- _TASK OBJECTIVE_:
The line containing "Revive Bladder Support" marks the start, and the last line of the records below marks the end. Print that run exactly and nothing else.

- _TASK INPUT_:
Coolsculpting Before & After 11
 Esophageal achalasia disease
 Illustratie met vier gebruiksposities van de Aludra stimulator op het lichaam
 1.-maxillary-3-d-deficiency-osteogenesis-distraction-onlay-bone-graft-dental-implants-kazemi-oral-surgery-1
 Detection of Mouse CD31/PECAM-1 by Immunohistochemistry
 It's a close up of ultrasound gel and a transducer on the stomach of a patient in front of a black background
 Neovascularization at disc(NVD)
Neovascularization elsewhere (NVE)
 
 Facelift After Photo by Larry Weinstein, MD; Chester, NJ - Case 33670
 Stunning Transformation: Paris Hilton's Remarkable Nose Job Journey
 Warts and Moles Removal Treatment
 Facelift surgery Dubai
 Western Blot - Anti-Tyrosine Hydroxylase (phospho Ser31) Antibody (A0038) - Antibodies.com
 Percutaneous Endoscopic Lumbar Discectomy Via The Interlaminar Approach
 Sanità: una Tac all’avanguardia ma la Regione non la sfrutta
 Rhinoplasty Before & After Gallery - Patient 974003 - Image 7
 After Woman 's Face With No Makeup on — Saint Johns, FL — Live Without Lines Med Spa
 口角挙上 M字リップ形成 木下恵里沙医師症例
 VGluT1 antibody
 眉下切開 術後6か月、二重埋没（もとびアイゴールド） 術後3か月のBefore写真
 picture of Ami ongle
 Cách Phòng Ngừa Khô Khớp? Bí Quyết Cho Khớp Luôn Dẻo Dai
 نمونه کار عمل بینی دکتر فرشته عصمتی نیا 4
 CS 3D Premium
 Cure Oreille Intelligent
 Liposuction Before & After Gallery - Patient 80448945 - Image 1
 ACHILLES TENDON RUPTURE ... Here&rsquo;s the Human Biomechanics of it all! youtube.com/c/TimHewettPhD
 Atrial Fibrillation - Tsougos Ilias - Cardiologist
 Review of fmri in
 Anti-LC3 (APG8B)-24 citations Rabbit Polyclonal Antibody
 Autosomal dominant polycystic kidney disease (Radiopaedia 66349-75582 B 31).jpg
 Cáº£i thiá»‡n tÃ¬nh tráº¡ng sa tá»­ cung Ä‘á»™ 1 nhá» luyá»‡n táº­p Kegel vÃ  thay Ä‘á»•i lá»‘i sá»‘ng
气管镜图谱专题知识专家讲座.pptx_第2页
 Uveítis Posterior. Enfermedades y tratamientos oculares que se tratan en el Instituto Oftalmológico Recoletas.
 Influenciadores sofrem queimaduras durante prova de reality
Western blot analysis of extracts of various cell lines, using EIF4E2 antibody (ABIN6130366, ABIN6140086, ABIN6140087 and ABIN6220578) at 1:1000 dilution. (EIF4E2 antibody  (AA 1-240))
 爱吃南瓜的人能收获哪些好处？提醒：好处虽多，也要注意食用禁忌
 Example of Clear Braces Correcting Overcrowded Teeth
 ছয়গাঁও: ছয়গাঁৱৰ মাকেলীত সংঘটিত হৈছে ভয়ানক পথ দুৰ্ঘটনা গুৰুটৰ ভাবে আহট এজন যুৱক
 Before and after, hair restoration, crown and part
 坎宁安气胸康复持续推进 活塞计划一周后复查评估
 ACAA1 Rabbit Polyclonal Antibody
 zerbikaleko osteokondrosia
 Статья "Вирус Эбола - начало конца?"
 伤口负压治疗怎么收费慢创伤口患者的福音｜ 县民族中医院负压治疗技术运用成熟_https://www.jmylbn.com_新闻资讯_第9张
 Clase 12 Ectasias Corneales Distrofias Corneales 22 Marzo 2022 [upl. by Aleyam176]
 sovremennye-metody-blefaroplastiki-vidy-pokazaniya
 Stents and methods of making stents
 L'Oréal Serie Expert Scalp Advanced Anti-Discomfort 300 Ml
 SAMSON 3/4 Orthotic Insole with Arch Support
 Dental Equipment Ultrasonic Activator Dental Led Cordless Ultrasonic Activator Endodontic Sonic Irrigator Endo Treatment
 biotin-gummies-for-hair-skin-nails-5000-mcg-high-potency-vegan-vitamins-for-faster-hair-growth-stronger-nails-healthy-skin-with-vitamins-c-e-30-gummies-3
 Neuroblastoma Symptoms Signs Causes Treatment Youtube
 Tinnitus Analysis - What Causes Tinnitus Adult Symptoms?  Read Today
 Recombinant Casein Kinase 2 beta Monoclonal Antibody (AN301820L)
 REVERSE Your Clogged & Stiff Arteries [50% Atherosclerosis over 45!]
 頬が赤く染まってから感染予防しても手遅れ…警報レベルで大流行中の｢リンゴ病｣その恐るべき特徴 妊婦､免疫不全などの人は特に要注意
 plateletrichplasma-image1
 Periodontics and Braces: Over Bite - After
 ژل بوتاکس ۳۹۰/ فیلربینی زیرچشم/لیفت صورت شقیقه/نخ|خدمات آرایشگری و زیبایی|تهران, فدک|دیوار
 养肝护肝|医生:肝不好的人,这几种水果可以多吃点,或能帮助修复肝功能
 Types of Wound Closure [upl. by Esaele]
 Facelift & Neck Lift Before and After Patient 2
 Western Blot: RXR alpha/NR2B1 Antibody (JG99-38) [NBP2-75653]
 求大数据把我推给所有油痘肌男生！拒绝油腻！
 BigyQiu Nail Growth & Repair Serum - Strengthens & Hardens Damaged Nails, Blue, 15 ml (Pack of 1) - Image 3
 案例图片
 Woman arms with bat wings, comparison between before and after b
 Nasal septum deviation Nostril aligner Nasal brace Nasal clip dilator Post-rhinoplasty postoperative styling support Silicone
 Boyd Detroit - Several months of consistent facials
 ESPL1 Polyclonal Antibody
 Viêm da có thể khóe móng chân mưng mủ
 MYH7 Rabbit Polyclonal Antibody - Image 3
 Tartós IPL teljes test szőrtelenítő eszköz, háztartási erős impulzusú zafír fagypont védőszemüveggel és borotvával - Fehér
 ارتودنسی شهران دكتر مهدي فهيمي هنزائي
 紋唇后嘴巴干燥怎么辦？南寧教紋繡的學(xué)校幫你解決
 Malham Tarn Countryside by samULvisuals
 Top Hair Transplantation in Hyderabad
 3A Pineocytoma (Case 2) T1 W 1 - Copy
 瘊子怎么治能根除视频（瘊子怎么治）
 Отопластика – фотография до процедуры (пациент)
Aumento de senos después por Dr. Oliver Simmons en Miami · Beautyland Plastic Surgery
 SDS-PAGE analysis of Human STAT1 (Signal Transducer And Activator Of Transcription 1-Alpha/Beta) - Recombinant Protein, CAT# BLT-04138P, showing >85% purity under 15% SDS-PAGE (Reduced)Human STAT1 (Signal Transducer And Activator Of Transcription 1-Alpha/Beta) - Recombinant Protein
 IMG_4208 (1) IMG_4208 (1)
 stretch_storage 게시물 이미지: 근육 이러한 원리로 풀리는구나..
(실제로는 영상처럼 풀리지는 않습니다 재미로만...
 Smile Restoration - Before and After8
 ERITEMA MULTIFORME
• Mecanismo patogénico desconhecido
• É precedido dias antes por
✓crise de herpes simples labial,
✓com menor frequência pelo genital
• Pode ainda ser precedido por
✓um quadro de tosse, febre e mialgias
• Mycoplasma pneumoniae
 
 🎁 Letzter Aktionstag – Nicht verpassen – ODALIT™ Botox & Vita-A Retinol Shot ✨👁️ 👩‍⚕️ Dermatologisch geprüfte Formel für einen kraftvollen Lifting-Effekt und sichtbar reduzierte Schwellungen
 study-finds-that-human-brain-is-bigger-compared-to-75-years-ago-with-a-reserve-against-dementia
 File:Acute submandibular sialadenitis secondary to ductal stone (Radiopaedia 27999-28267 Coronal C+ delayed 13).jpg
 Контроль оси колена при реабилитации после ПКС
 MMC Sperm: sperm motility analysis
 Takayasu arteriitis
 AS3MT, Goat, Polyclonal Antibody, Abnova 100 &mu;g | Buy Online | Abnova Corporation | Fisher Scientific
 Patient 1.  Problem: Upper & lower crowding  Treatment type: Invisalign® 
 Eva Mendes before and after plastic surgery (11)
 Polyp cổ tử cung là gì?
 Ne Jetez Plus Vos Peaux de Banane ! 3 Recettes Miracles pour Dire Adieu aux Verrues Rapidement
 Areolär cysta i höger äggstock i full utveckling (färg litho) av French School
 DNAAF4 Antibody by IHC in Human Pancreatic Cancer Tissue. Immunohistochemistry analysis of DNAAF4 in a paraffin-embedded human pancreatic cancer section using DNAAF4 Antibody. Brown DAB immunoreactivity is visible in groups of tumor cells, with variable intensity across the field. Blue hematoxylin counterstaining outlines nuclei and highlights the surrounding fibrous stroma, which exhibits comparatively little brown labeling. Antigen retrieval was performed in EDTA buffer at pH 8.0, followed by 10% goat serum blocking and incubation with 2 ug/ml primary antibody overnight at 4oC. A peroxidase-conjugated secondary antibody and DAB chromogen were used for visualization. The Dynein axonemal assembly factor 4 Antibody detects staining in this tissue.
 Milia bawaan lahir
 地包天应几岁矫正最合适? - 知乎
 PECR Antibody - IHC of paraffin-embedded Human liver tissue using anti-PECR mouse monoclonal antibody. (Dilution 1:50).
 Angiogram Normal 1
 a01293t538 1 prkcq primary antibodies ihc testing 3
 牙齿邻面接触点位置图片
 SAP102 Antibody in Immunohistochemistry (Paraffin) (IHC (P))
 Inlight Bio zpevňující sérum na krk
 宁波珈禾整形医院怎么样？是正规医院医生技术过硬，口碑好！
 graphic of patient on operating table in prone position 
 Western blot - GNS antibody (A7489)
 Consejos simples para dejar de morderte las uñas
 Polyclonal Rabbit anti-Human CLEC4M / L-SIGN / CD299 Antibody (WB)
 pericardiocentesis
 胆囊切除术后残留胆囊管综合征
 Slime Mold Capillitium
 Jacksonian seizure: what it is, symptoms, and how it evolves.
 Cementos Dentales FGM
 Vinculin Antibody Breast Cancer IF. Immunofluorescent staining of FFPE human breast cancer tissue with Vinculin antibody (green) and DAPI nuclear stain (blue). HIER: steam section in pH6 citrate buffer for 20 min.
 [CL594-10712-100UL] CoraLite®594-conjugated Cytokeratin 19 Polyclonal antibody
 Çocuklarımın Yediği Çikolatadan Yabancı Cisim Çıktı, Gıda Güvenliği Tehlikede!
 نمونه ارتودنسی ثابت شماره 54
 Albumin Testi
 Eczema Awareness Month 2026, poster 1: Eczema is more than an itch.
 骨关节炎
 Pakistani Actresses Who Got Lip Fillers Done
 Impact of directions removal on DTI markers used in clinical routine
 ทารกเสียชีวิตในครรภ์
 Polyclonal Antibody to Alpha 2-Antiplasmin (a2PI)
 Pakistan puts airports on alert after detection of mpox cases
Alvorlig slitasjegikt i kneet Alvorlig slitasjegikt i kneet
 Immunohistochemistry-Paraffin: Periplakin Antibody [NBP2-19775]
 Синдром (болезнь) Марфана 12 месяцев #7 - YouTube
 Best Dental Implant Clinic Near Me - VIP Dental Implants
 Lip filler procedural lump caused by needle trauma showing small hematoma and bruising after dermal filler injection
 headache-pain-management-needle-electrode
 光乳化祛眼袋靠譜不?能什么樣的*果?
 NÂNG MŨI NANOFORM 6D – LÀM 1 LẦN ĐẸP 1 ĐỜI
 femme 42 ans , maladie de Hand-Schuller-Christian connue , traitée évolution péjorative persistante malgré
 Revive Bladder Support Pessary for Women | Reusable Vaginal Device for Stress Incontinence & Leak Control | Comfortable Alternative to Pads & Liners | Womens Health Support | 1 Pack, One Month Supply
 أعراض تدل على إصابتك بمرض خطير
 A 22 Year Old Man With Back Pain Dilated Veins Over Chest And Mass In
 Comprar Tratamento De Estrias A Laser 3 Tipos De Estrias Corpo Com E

- _FINAL ANSWER_:
 Revive Bladder Support Pessary for Women | Reusable Vaginal Device for Stress Incontinence & Leak Control | Comfortable Alternative to Pads & Liners | Womens Health Support | 1 Pack, One Month Supply
 أعراض تدل على إصابتك بمرض خطير
 A 22 Year Old Man With Back Pain Dilated Veins Over Chest And Mass In
 Comprar Tratamento De Estrias A Laser 3 Tipos De Estrias Corpo Com E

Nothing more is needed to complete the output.